CRTypist Mimics How Humans Use Touchscreen Keyboards to Improve Future Autocorrect Systems
CRTypist aims to make it easier to develop future autocorrect systems without the need to enlist hordes of human typists.
Researchers from Finland's Aalto University and University of Jyväskylä, working with colleagues at the University of Birmingham and Google, have developed an engine for generating human-like touchscreen typing using "computational rationality:" CRTypist, which they hope will help make smartphones and tablets more accessible.
"Typing on a phone requires manual dexterity and visual perception: we press buttons, proofread text, and correct mistakes," Antti Oulasvirta, professor at Aalto University and the work's senior author, explains. "We also use our working memory. Automatic text correction functions can help some people, while for others they can make typing harder."
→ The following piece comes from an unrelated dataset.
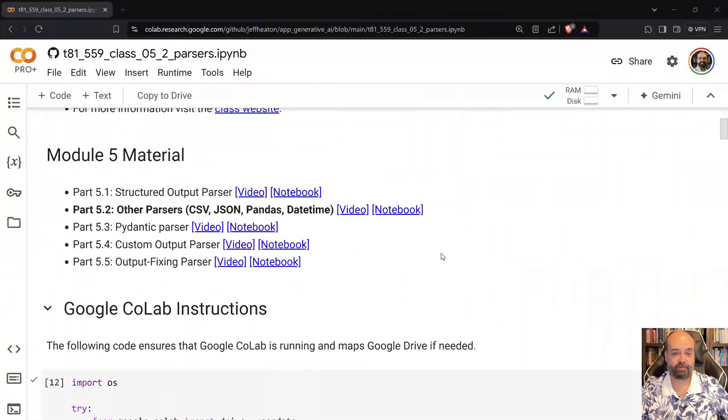Let's look at LangChain parsers. These deal with CSV, JSON, pandas, and datetime. These are the ones that we're looking at anyway.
The problem with improving automatic text correction systems — perhaps most infamous for unexpected and oft illogical corrections, leading to the term "autocarrot" — is that you need something to correct, which previously has meant either making do with poorly-simulated examples or employing a cohort of actual humans. This, the team explains, is where CRTypist comes in: a simulation that uses "computational rationality" to better mimic the behavior of real users — including using "virtual eyes and fingers" to and working memory and making similar mistakes.
"We created a simulated user with a human-like visual and motor system. Then we trained it millions of times in a keyboard simulator," Oulasvirta explains. "Eventually, it learned typing skills that can also be used to type in various situations outside the simulator. [Now] we can train computer models so that we don’t need observation of lots of people to make predictions. User interfaces are everywhere today – fundamentally, this work aims to create a more functional society and smoother everyday life."
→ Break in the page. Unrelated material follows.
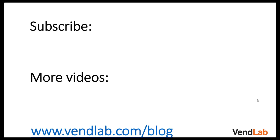Thanks for watching this video. For more content please subscribe to our channel or check out our Amazon playlist. You can also see more hints and tips at our website which is vendlab.com/blog.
"Its key feature is a reformulation of the supervisory control problem, with the visual attention and motor system being controlled with reference to a working memory representation tracking the text typed thus far," the research team explains. "Movement policy is assumed to asymptotically approach optimal performance in line with cognitive and design-related bounds. This flexible model works directly from pixels, without requiring hand-crafted feature engineering for keyboards."
The team is to present its work, which it admits is "limited to [simulating] skilled typists" at present, at the CHI Conference in Hawai'i this May, followed by the release of the project's data and source code; the paper, meanwhile, is available under open-access terms on the project website.